In beginning a marketing performance management initiative that should inevitably be a continuous process, we recommend setting goals that clearly identify in functional terms what marketing must achieve, establishing context by comparing the goals to the existing situation. As part of this planning process, take time to understand the roles and activities that will be involved, establish for each of them ways to measure their efforts, and provide flexible software that is accessible to everyone in marketing. Educate yourself about executives’ view of marketing performance, which typically is framed in terms of its cost and thus its cost effectiveness as applied to achieving targeted outcomes.

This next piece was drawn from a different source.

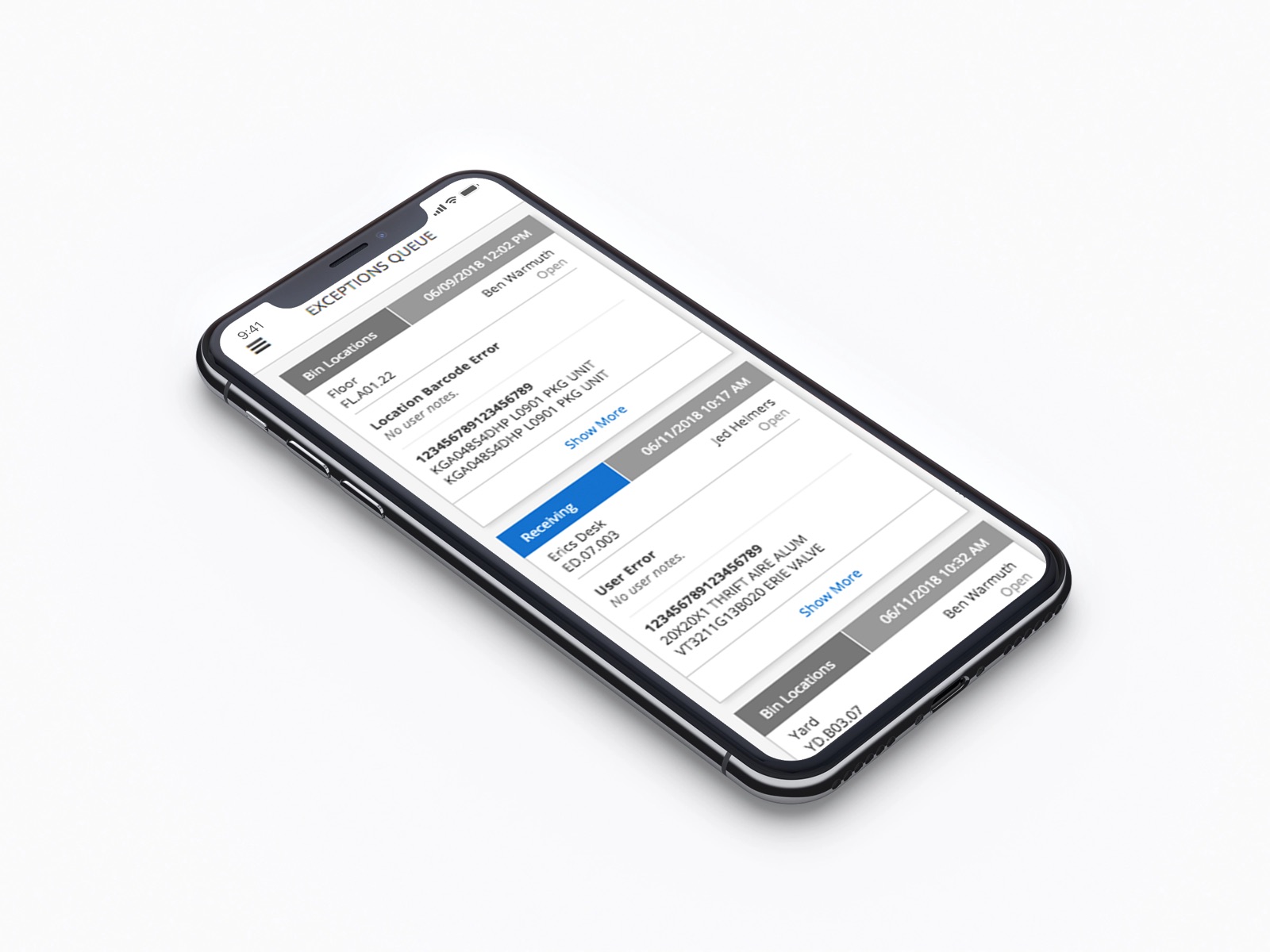 Queue interface shown on a phone mockup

Be sure to examine whether to include aspects such as the relation of marketing performance to corporate objectives, sales efforts and new product introductions. Also be aware of the impacts of marketing activities and outcomes on other departments. Ensure that the process being developed to manage marketing performance is visible to all stakeholders in marketing and in upper management. With their buy-in, develop a centralized common budget and plan for the entire marketing organization. Before launching the program, develop or acquire a methodology to manage spend vs. results and adjust iteratively.

Also plan to standardize and integrate activities and results data supplied by marketing systems and team members. Identify relevant data from sales systems to integrate with marketing data; for example, use data on closed deals to track results of lead-generation efforts. Understand that you will need to have analytics software to analyze and interpret data for decision-makers. Our benchmark research finds that up to 10 information sources can be important for building marketing analytics. These begin with data from internal marketing operations such as budgets, goals and objectives and external online marketing activities, but they also include enterprise sources such as finance, sales, HR, ERP and billing and perhaps data from partners who might be involved in marketing activities.

The next step is to select software designed to manage marketing performance. It should be able to automate and centralize management of initiatives, goals, projects, budgets, resources, plans and analytics. Be sure that it provides analytics that will yield performance management metrics and enable you to derive key performance indicators. Both historical and current plan metrics are critical for comparing actuals to budget. Key process and people-related indicators are essential to determine if marketing activities are on track to achieve performance goals.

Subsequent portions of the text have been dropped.